Pemerintahan Biden saat ini berusaha untuk kembali ke kesepakatan, tetapi upaya mereka sejauh ini tidak membuahkan hasil. Teheran menginginkan jaminan, AS tidak akan begitu saja mengabaikan kesepakatan itu lagi di waktu yang akan datang.

3 dari 4 halaman

Menlu Iran: Kesepakatan Nuklir Akan Tercapai Jika AS Realistis

Menteri Luar Negeri Iran Hossein Amir-Abdollahian pada Senin mendesak Amerika Serikat untuk menjadi "realistis" untuk membantu mencapai kesepakatan dalam pembicaraan Wina yang bertujuan menghidupkan kembali kesepakatan nuklir 2015, yang secara resmi dikenal sebagai Rencana Aksi Komprehensif Gabungan (JCPOA).

Diplomat Iran mengatakan dalam sebuah tweet bahwa "tuntutan berlebihan" dari Amerika Serikat dapat menyebabkan jeda dalam negosiasi Wina karena Iran "tidak akan pernah menyerah" pada tuntutan tersebut.
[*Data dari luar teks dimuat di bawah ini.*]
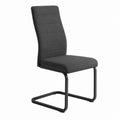 Chaise de salle à manger gris anthracite en polyester avec piètement luge en acier 44 x 60 x 98 cm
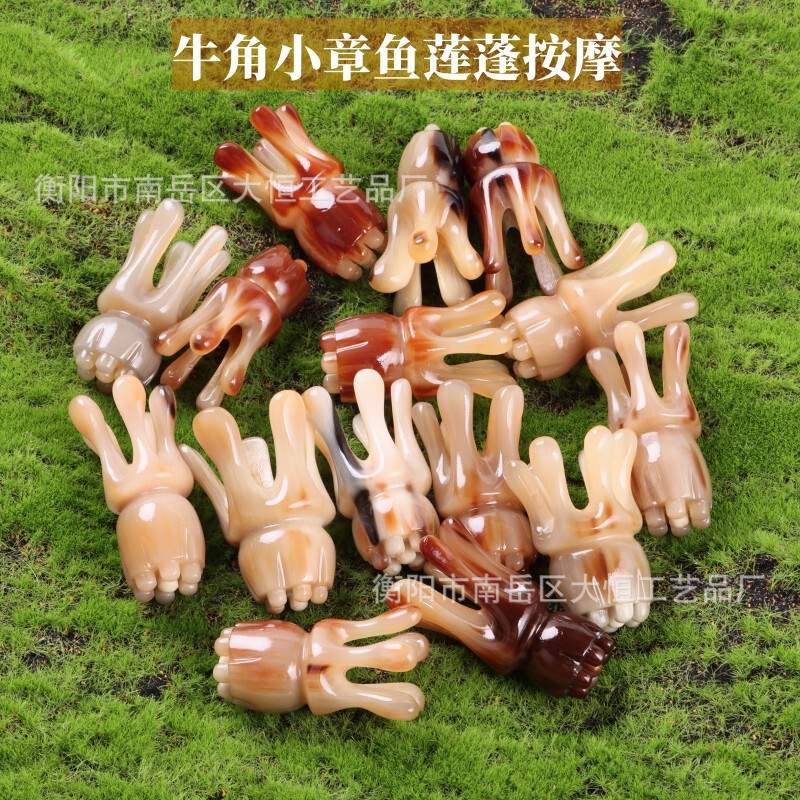 黄花牛角中実丸頭黄短タコ頭ブラシ高6-8cm黄花牛角八爪魚シャンプー櫛|undefined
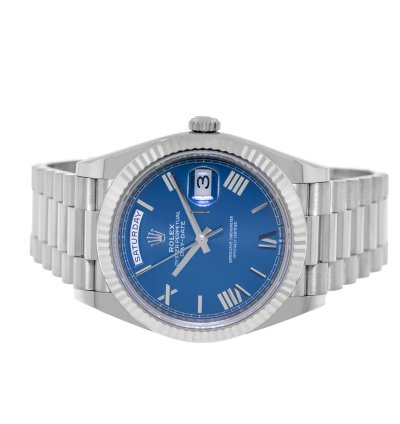 Rolex Day-date 40 40mm White Gold Blue Roman Dial President 228239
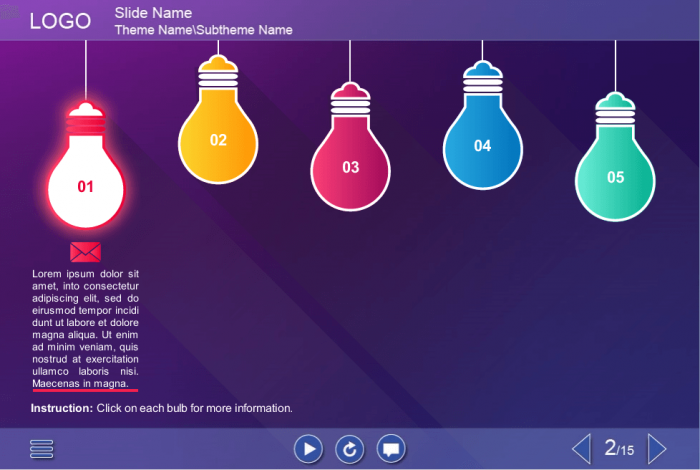 Clickable Bulbs — Articulate Storyline Template for eLearning Courses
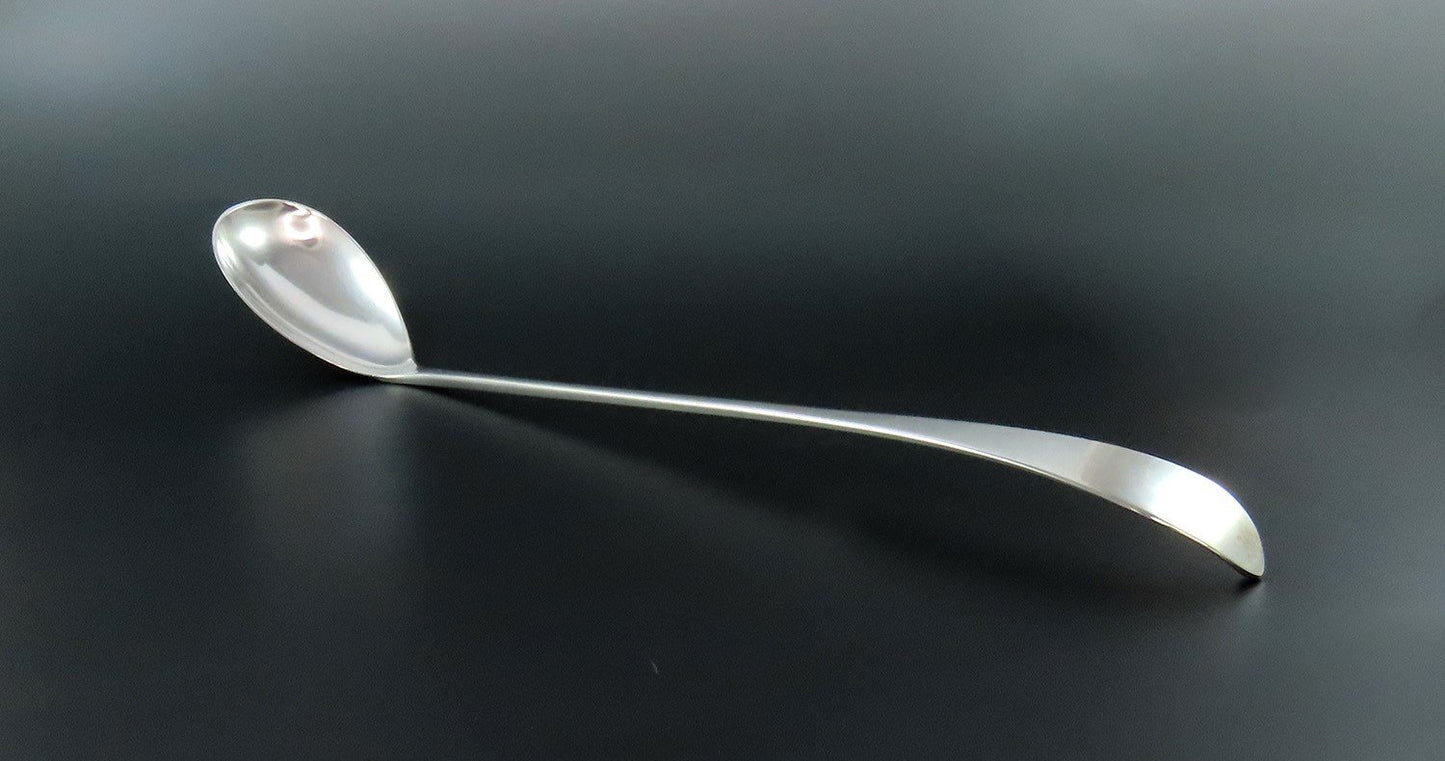 Elegant Stone Sterling Silver Long Handle Serving Spoon Pointed End 12 Inches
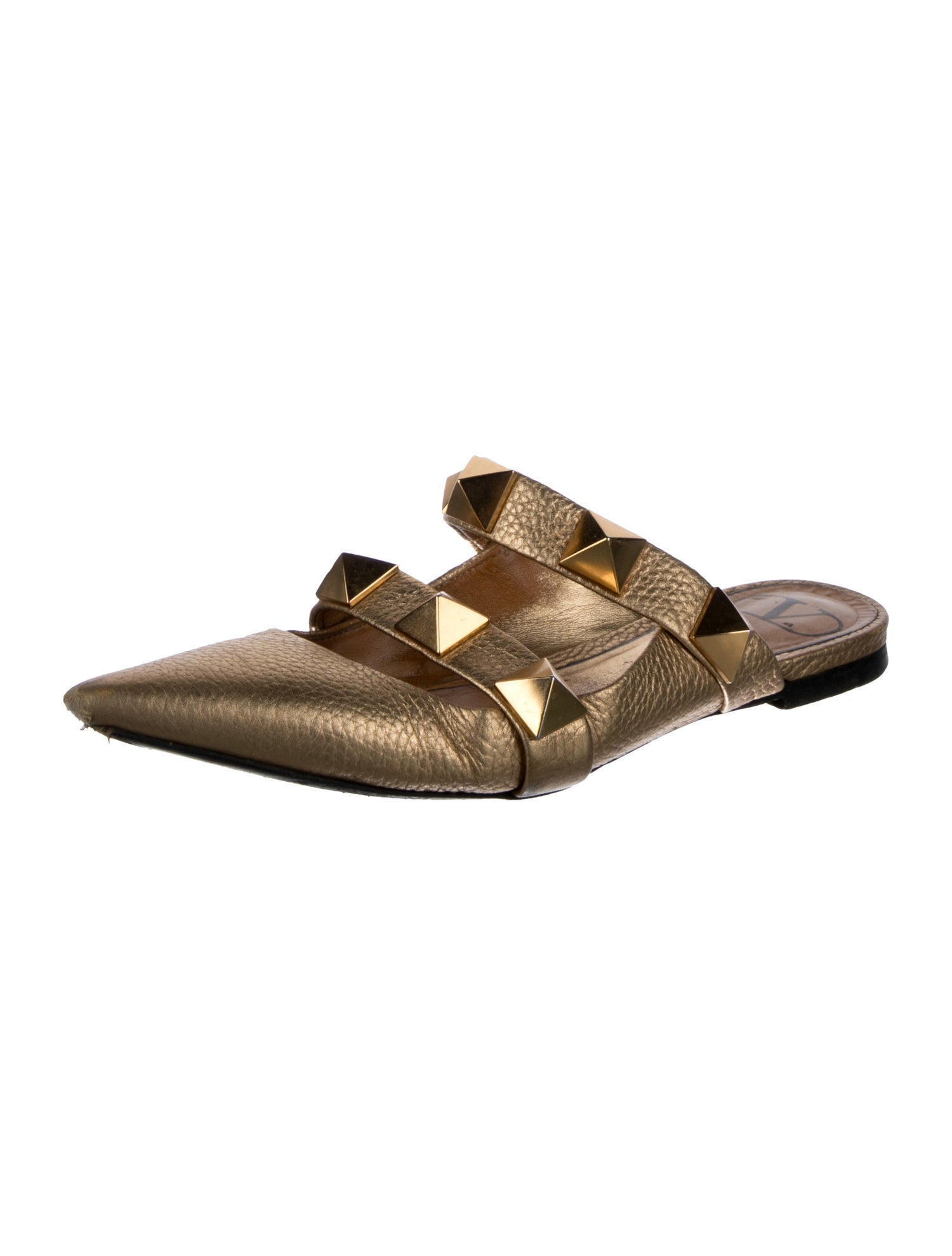 Valentino Rockstud Accents Leather Mules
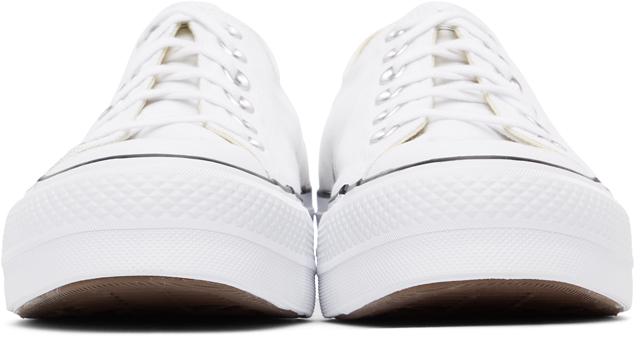 White Leather Chuck Taylor All Star Lift Low Sneakers商品第2张图片规格展示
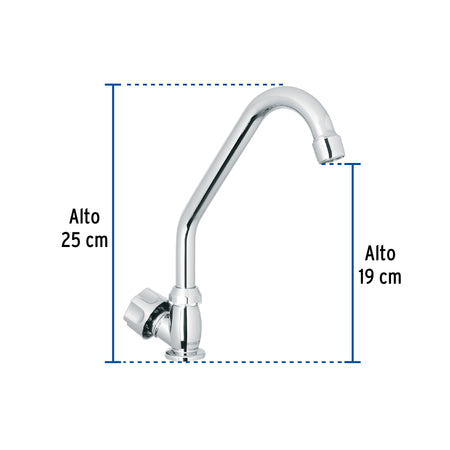 Llave individual fregaderoABScuello cortohexagonal BASIC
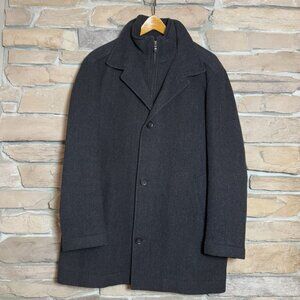 Hugo Boss mens virgin wool herringbone overcoat jacket size 40R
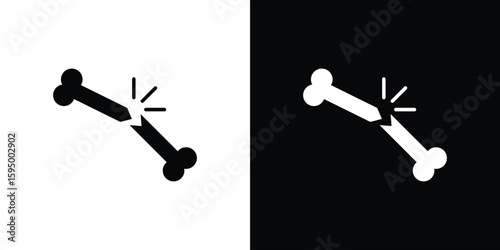 Broken bone icon concept. silhouette icon.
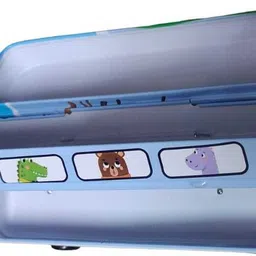 pw pencilwala Compass & Geometry Box Three Compartment Bus with Moving Tyres Metal Pencil Box SPACE THEME BOX Art Metal Pencil Box image 3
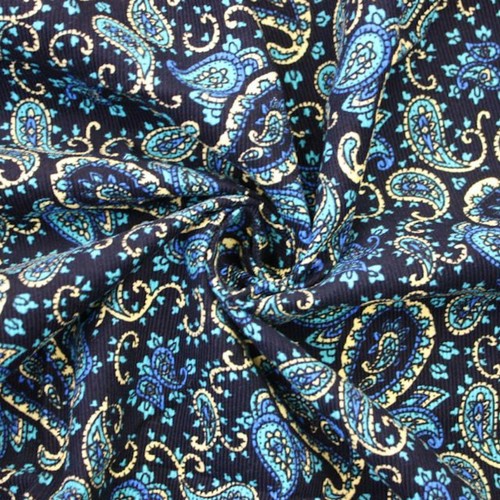100% Cotton Corduroy Fabric Paisley Pattern Teardrop Floral - Picture 3 of 4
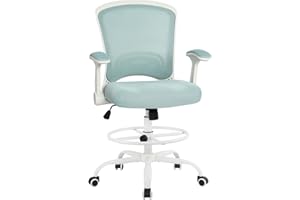 HYLONE Drafting Chair Tall Office Chair for Standing Desk, Mesh Drafting Stool with Adjustable Foot Ring and Flip-up arms, Blue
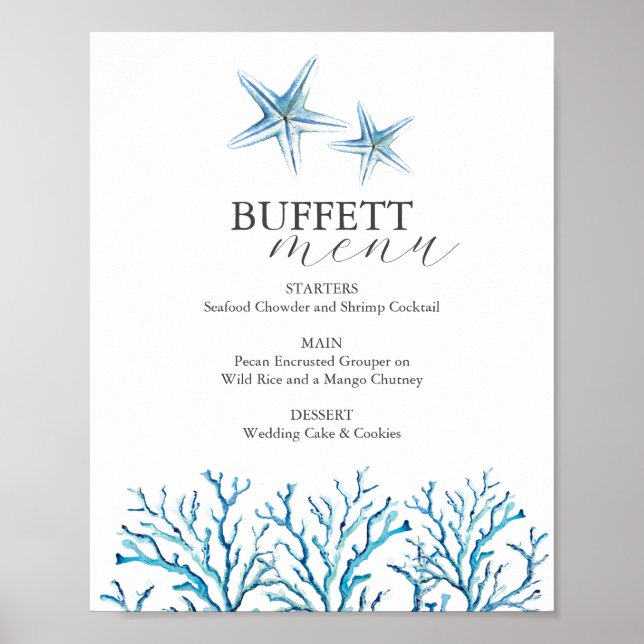 Affiche Plaque Buffet Mariage Plage Aquarelle Starfish (Devant)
Amir-Abdollahian juga menunjukkan bahwa "kesepakatan dapat dicapai jika Amerika Serikat realistis."

Sebelumnya pada hari itu, Juru Bicara Kementerian Luar Negeri Iran Saeed Khatibzadeh mengatakan bahwa Amerika Serikat harus bertanggung jawab atas penundaan pembicaraan di Wina.

Iran menandatangani JCPOA dengan kekuatan dunia pada Juli 2015. Namun, mantan Presiden AS Donald Trump menarik Amerika Serikat keluar dari perjanjian pada Mei 2018 dan menerapkan kembali sanksi sepihak terhadap Teheran, mendorong republik Islam itu untuk mengurangi beberapa komitmen nuklirnya di bawah kesepakatan sebagai pembalasan.

4 dari 4 halaman

Upaya Kembali Capai Kesepakatan

Sejak April 2021, delapan putaran pembicaraan telah diadakan di Wina antara Iran dan pihak-pihak JCPOA yang tersisa, yaitu China, Rusia, Inggris, Prancis, dan Jerman, untuk menghidupkan kembali kesepakatan itu.

Selama beberapa minggu terakhir, laporan dari Wina menunjukkan bahwa para perunding "dekat" dengan kesepakatan dengan beberapa masalah utama yang tersisa yang membutuhkan "keputusan politik" dari para pihak.